PHOTO: Bill and Carolyn Hiley in their Haberfield garden, which backs onto the disused army land. CREDIT: KATE GERAGHTY
Nobody in the neighbourhood remembers the exact date in 2003 when 1.9 hectares of disused army land was put to market in the heritage suburb of Haberfield, but they all remember that it was Mother’s Day. It was the mother of all Mother’s Days.
Sydney’s property market had started to twitch. The Block aired on television for the first time that year, auctions were turning in dizzying results and real estate had become a city obsession. The release of 21 undeveloped blocks within six kilometres of Sydney’s CBD, in a suburb known for its Federation homes, tidy gardens and friendly community, was cause for excitement.
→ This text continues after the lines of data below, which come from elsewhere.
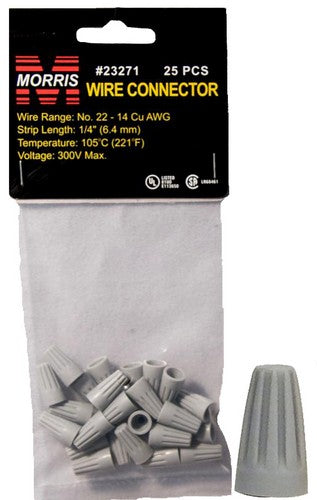 Morris 23271 Screw-On Wire Connectors P1 Gray Hanging Bag 25 Pack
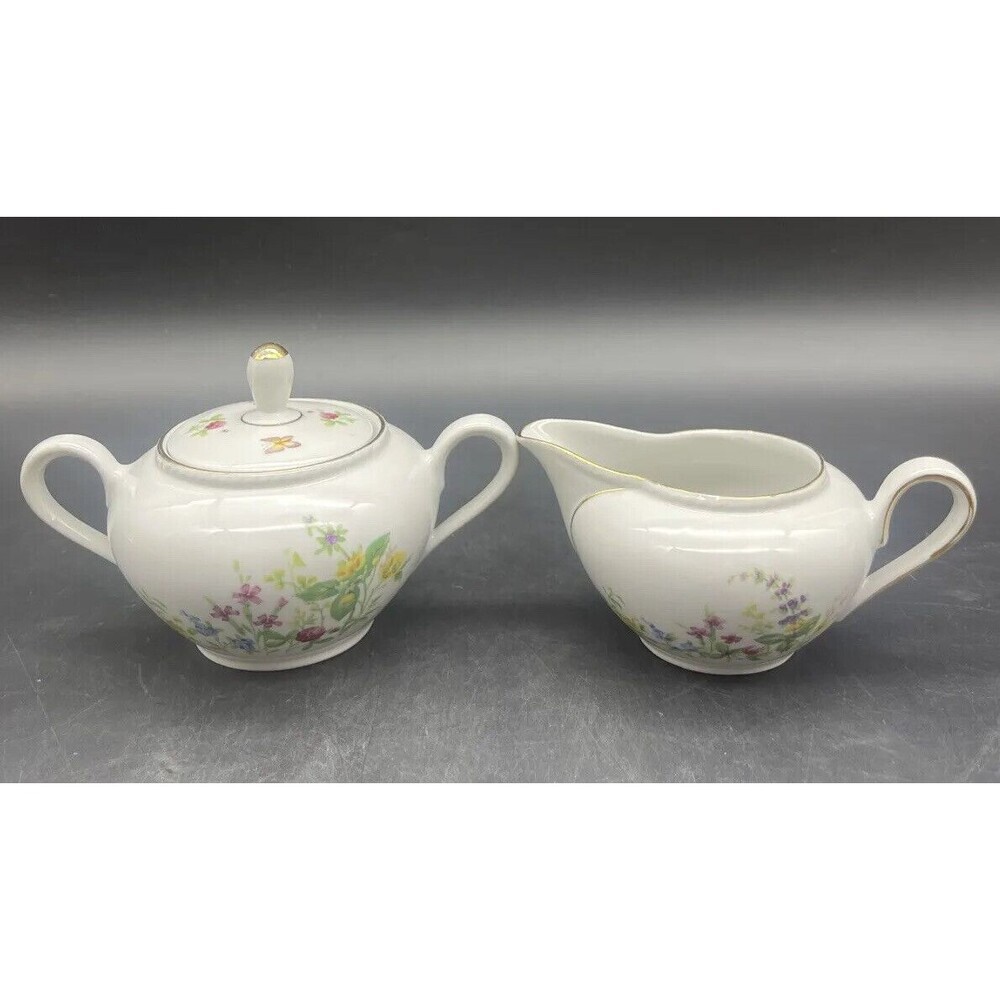 VTG Winterling Bavaria Germany‎ Floral Butterfly #74 Cream & Sugar Set RARE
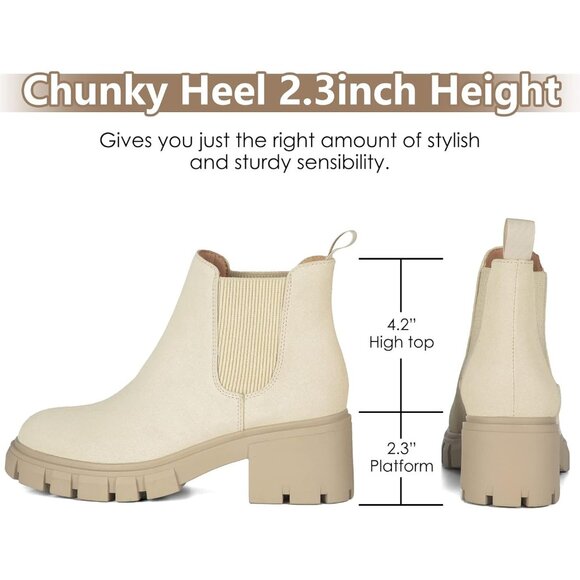 Womens Chelsea Beige Boots Fashion Lug Sole Chunky Heel Slip On Ankle Booties - Picture 3 of 6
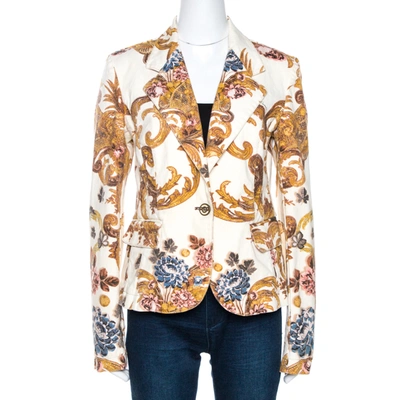 Pre-owned Just Cavalli Cream Floral Print Cotton Jacket M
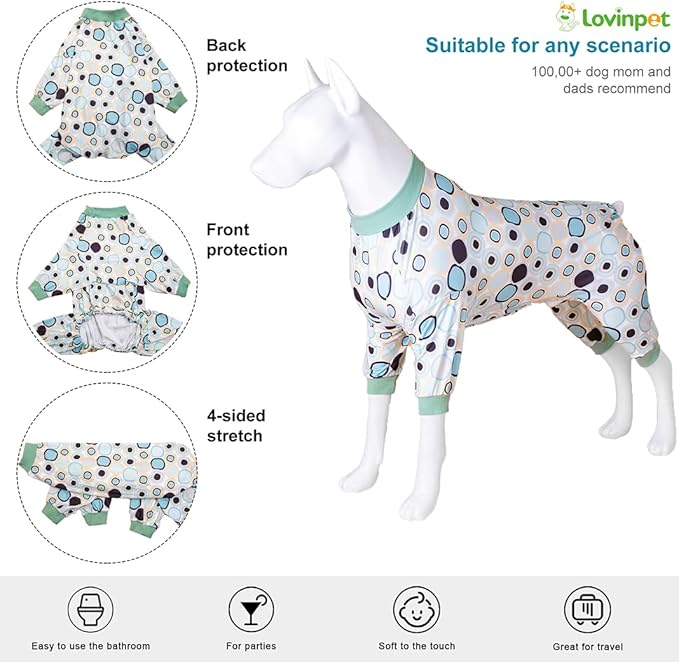 LovinPet Large Dog Pjs - Anti Licking & Anxiety Calming Dog Clothes, All Season Lightweight Stretchy Fit, Bullseye Melon Print, Pet Pajamas for Dogs, Pitbull Clothes, Grey L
The most fashionable auctioneer of the day was recruited to run the sale and hundreds of bidders and stickybeaks turned out.
By the day’s end, the Australian Defence Department had raked in $18 million.
Eighteen years later, the land remains dormant, overgrown with grass and soggy after rain, and all but four of the buyers have rescinded their offers.
Carolyn Hiley, whose house backed onto the site, popped over the back fence with her husband and extended family, who were in town for her mother’s 80th birthday. As each lot disappeared under the hammer, her brother from Wagga Wagga noted the prices with incredulity. Prices ranged from $742,000 for a 530sqm lot to $1.151 million for a 1046sqm lot, which was bought by the then recently retired NSW police minister Paul Whelan.
“My brother said, ‘Jeez, I think I’ll be subdividing my paddocks and selling off the blocks,’ ” Mrs Hiley says.